# DATA FOR THIS EXERCISE:
>>

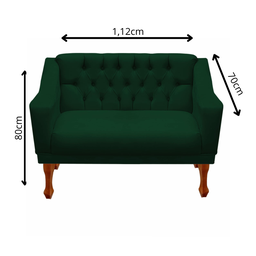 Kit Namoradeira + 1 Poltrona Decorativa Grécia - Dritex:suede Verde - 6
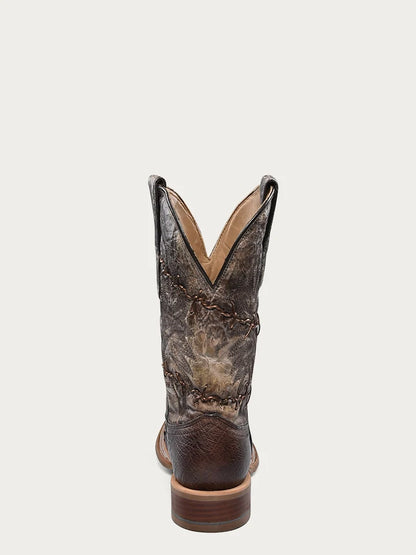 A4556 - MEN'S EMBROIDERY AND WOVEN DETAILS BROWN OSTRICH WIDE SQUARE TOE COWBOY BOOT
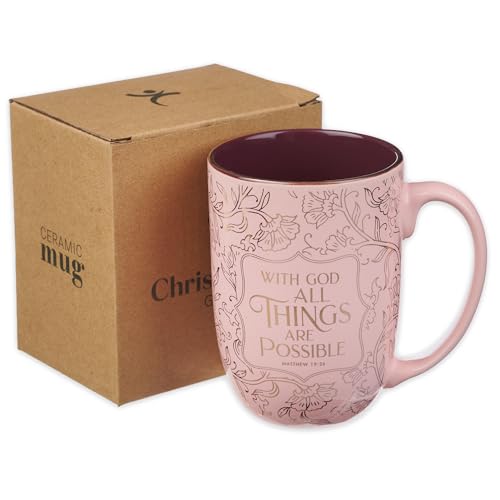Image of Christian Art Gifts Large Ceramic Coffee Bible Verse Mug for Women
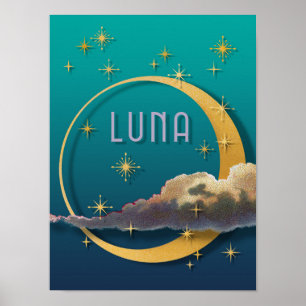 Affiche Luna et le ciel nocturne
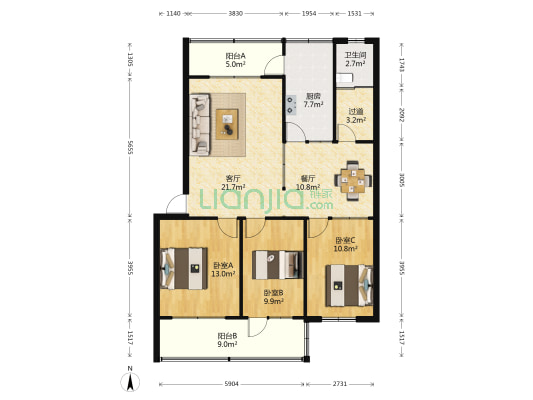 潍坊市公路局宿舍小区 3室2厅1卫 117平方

<<
>>

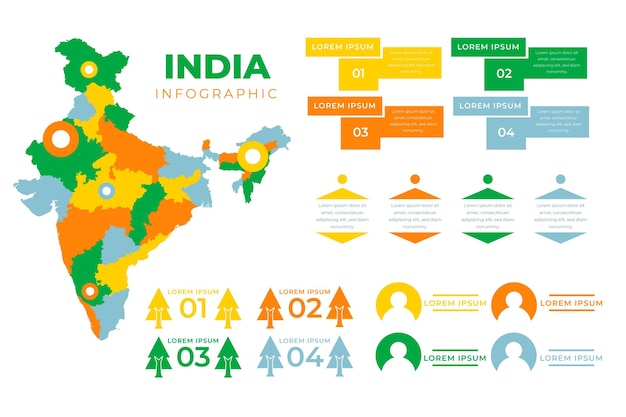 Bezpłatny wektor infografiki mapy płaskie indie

<<

# TASK PROMPT:
Word for word, write out the lines above running from the one with "A4556 - MEN'S" up to and including the one with "潍坊市公路局宿舍小区 3室2厅1卫 117平方". Drop any picture.

# ANSWER FOR THIS EXERCISE:
 A4556 - MEN'S EMBROIDERY AND WOVEN DETAILS BROWN OSTRICH WIDE SQUARE TOE COWBOY BOOT
Image of Christian Art Gifts Large Ceramic Coffee Bible Verse Mug for Women
 Affiche Luna et le ciel nocturne
 潍坊市公路局宿舍小区 3室2厅1卫 117平方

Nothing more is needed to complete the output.